Company Launches Plastics Graveyard

July 12, 2006

2 Min Read
Company Launches Plastics Graveyard

Originally Published MPMN July 2006

INDUSTRY NEWS

Company Launches Plastics Graveyard

Shana Leonard

A Web site featuring a plastics graveyard tracks changes in the industry.

In today’s constantly changing business climate, it can be difficult to keep track of mergers, name changes, and defunct businesses in a given industry. One company is trying to make this task a little easier. IDES (Laramie, WY; www.ides.com), a plastic materials information management company, has compiled this type of information onto a section of its Web site.

Dubbed the plastics graveyard, the site lists changes in names or ownership of companies and products. Also included on the site are companies and products that are no longer in existence. These “dead” items are flagged with a tombstone that reads RIP and documents the product or company’s life span.

Companies can even purchase an image of a flower that appears in memoriam next to a departed company’s information. Clicking on the flower leads to alternative plastic options to replace the deceased’s products.

Though the plastics graveyard presents information in a whimsical way, it can serve as a useful tool.
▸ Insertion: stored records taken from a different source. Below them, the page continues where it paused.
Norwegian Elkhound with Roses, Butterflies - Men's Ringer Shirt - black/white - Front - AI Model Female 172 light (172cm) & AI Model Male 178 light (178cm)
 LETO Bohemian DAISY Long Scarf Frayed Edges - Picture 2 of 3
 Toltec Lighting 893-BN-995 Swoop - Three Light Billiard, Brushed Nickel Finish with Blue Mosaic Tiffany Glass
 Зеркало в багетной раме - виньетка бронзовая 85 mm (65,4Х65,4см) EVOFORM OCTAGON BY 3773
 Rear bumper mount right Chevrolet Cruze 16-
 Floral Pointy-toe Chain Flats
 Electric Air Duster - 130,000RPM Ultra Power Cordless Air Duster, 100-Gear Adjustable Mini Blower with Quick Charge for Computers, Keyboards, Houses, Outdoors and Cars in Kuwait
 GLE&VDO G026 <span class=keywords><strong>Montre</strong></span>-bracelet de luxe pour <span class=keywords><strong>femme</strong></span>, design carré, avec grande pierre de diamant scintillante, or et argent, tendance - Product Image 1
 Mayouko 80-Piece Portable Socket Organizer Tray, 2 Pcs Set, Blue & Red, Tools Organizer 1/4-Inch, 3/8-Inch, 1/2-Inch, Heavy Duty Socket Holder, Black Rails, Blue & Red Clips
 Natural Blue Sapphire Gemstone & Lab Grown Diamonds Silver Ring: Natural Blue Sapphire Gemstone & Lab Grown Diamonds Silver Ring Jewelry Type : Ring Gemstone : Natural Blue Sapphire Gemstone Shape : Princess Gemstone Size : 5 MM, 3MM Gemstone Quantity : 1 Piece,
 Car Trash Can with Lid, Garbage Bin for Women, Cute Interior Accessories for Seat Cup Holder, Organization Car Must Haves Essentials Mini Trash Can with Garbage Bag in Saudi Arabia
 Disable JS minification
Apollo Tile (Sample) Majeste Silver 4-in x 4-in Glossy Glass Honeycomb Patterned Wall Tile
The report functions as a reference regarding changes in the industry. The most recent names or products of the companies listed link to IDES’s search engine.

“Our customers often refer to us as the Google for plastics,” says Nathan Potter, marketing manager for IDES. “One of the services we provide is a search engine that outputs only plastics sites.” Through the search engine, users can scour results to find desired information. In the case of a discontinued product line, this tool helps users seek out replacement resins suited to their application needs.

The plastics graveyard also serves as a community forum of sorts. The site encourages people to submit relevant information not reflected on the site. Through collaboration, IDES hopes to have the most up-to-date information on the plastics industry.

“It’s ironic because it is fairly new, but right off the bat the plastics graveyard helped several design engineers who were having trouble with discontinued products,” Potter says. “Companies that are using a plastic material that has been discontinued or will be discontinued can use this report to see who has or will replace the product.”